Os Estados Unidos, por exemplo, apesar de ter ao seu alcance recursos para conter a crise, não foram capazes de gerenciá-la de forma eficaz por meio da cooperação com outras nações. “Os Estados Unidos de [Donald] Trump simplesmente viraram as costas para o mundo”, considera Roberto Goulart Menezes. 

 

Na atual conjuntura, assim como na já referida crise de 2008, o papel dos Estados foi fundamental. Segundo o professor da UnB, o impacto gerado pela suspensão de grande parte das atividades econômicas, tanto dentro como entre os países, levou à quase paralisação das atividades econômicas, o que promoveu esse impacto recessivo sincronizado. Vale ressaltar que, passados cerca de oito meses da crise, apenas a China conseguiu retomar parcialmente seu dinamismo econômico e apresentou crescimento significativo do PIB no terceiro trimestre de 2020.

 

O fato é que num contexto pré-pandêmico, a economia mundial já não vinha apresentando bons sinais.

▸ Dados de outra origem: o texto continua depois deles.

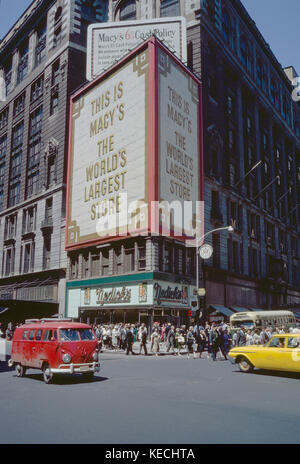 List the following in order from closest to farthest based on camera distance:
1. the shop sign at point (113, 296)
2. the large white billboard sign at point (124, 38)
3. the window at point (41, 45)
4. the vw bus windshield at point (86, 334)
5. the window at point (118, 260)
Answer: the vw bus windshield at point (86, 334) → the shop sign at point (113, 296) → the window at point (118, 260) → the large white billboard sign at point (124, 38) → the window at point (41, 45)

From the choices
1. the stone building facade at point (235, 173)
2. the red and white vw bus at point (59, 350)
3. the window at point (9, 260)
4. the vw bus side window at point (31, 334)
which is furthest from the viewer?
the window at point (9, 260)

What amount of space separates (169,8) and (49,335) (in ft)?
168

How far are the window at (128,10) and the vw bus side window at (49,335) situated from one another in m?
53.6

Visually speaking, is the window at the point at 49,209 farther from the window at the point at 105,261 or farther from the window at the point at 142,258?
the window at the point at 142,258

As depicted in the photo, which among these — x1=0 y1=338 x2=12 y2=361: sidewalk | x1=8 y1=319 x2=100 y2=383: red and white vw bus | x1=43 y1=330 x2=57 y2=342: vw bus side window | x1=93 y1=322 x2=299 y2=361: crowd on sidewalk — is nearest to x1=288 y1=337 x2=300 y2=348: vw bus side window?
x1=8 y1=319 x2=100 y2=383: red and white vw bus

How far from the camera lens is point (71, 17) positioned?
55.2 m

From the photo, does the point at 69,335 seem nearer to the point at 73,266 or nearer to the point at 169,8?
the point at 73,266

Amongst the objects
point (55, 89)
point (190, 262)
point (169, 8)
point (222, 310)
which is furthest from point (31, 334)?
point (169, 8)

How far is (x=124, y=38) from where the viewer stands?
48594mm

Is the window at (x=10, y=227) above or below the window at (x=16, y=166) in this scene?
below

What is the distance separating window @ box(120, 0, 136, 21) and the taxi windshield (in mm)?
53445

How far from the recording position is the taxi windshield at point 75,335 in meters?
15.1

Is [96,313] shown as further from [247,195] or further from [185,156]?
[247,195]

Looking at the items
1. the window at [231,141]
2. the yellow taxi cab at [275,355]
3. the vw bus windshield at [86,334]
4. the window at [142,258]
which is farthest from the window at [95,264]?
the vw bus windshield at [86,334] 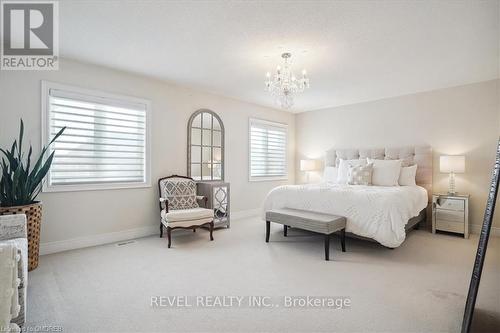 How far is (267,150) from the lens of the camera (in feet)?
19.6

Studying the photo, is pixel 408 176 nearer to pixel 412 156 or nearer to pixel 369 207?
pixel 412 156

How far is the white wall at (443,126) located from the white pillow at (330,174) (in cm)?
66

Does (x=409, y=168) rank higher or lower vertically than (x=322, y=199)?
higher

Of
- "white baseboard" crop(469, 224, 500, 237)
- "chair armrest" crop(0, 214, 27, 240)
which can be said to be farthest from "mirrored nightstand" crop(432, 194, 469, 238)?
"chair armrest" crop(0, 214, 27, 240)

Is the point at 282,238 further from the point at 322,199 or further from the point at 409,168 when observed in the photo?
the point at 409,168

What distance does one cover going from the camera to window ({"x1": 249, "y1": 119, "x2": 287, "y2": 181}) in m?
5.66

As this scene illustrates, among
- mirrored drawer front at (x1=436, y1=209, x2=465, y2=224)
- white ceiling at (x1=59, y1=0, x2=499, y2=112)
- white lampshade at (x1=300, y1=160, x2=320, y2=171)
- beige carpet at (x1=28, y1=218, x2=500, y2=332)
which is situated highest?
white ceiling at (x1=59, y1=0, x2=499, y2=112)

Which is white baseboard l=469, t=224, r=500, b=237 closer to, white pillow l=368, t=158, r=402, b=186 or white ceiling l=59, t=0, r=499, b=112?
white pillow l=368, t=158, r=402, b=186

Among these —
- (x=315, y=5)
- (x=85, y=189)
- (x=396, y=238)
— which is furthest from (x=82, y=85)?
(x=396, y=238)

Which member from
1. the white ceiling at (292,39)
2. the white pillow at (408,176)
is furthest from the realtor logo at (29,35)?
the white pillow at (408,176)

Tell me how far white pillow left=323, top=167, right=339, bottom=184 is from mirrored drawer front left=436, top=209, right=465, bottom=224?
5.79ft

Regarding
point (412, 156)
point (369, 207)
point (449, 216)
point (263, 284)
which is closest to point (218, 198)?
point (263, 284)

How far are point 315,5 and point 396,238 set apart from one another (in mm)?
2655

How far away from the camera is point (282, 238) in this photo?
3.86 metres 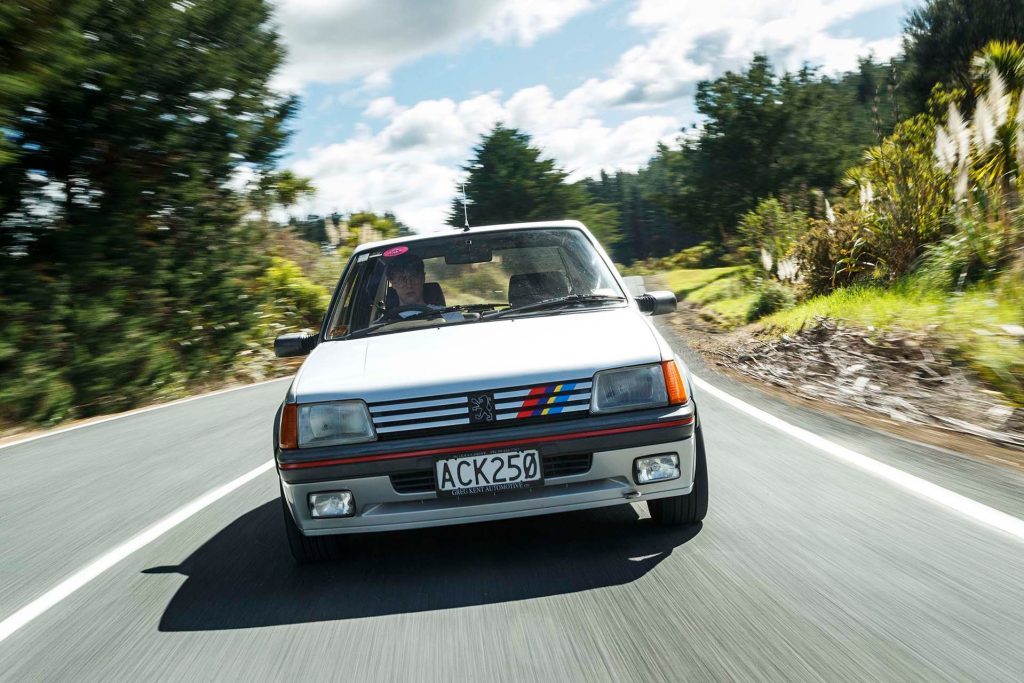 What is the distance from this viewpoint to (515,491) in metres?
3.78

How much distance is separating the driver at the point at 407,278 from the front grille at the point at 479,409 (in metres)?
1.28

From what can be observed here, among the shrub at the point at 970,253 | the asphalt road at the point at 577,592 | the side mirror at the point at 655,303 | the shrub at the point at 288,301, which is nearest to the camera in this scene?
the asphalt road at the point at 577,592

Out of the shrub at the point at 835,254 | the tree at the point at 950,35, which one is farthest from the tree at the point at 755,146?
the shrub at the point at 835,254

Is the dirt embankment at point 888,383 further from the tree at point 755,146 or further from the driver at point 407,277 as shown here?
the tree at point 755,146

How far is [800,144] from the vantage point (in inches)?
1827

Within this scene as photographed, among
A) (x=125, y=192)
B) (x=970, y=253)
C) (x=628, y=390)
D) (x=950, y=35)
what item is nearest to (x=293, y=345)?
(x=628, y=390)

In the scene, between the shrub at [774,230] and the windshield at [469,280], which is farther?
the shrub at [774,230]

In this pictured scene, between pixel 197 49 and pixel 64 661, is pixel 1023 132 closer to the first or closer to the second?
pixel 64 661

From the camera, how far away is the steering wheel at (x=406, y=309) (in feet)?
16.1

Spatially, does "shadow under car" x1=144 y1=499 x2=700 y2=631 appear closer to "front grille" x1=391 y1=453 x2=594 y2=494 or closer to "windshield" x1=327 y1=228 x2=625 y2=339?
"front grille" x1=391 y1=453 x2=594 y2=494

Em 2008, a crise desencadeada nos Estados Unidos gerou um colapso capaz de afetar a maior parte dos países. De acordo com Roberto Goulart Menezes, trabalhos publicados já apontavam que as inovações financeiras introduzidas nos anos 1980 – oriundas das políticas neoliberais, conjugadas com a desregulamentação de diversos mercados e com apoio do governo norte-americano – não iriam acabar bem. “Em 2008, veio a crise e então parecia que o neoliberalismo tinha sido posto em xeque”, resume. Soma-se a isso o surgimento de um vírus devastador, que não poupou quase nenhuma nação, e que serviu como um gatilho para agravar a crise econômica. São raros os casos de países que têm conseguido lidar bem com a situação. 

 

Do ponto de vista global, é possível esperar muitas discrepâncias no que se refere à recuperação econômica. Enquanto países desenvolvidos, com indústria forte e relações comerciais consolidadas, devem sofrer desaceleração econômica por menos tempo, países reconhecidamente frágeis vão precisar de mais reformas, gestão governamental eficiente, mais cooperação internacional e apoio externo para se reestruturarem.